Repeat the data that follows, word for word, without the images.

Data segment>
*-*-*
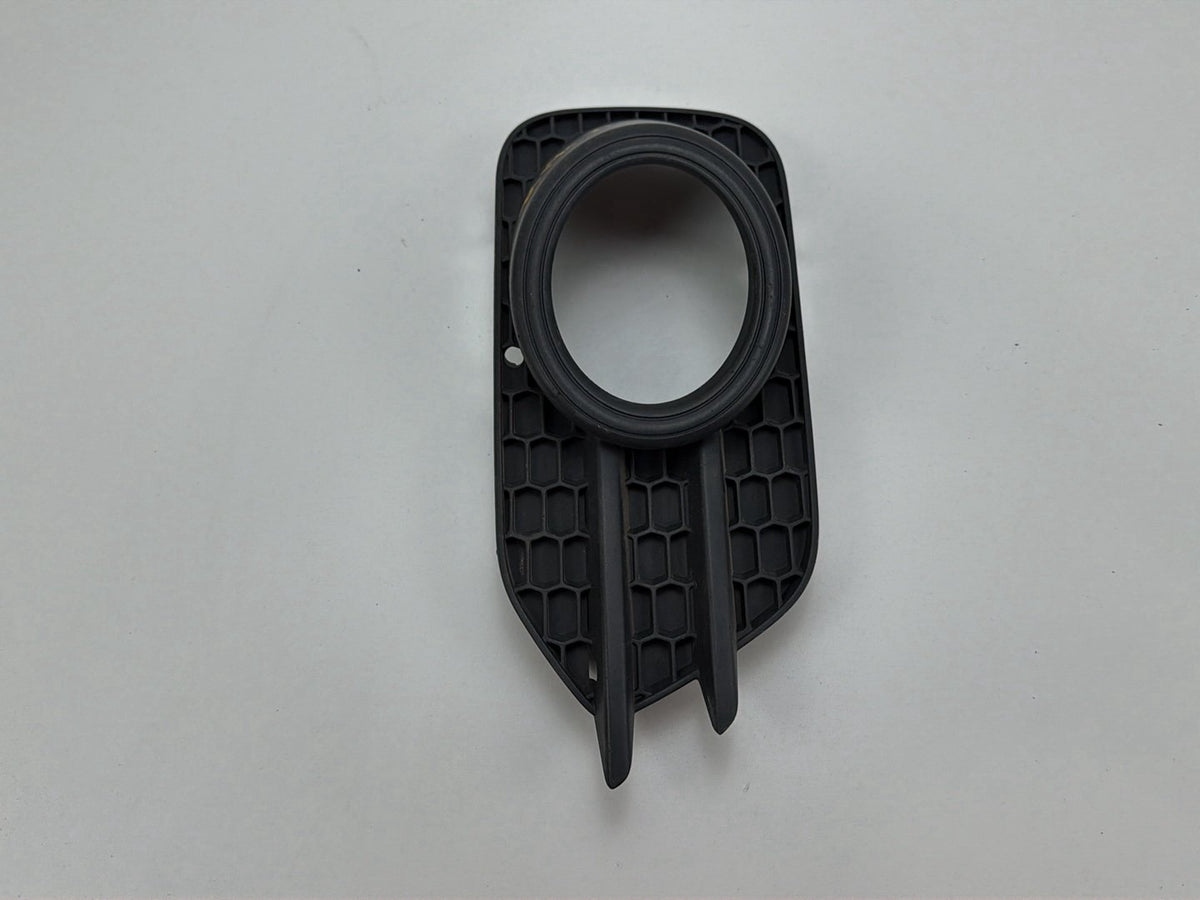 2013-2017 Volkswagen Tiguan Right Fog Light Cover 5N0-853-666 OEM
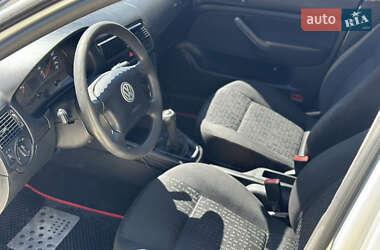 Хетчбек Volkswagen Golf 2003 в 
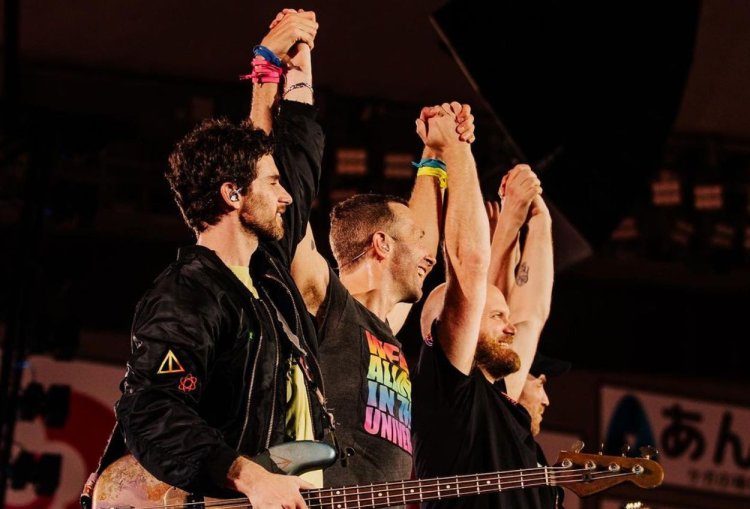 Gerakan Anti LGBT Berencana Gagalkan Konser Coldplay di Jakarta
*-*-*
Expected answer>
 2013-2017 Volkswagen Tiguan Right Fog Light Cover 5N0-853-666 OEM
 Хетчбек Volkswagen Golf 2003 в 
 Gerakan Anti LGBT Berencana Gagalkan Konser Coldplay di Jakarta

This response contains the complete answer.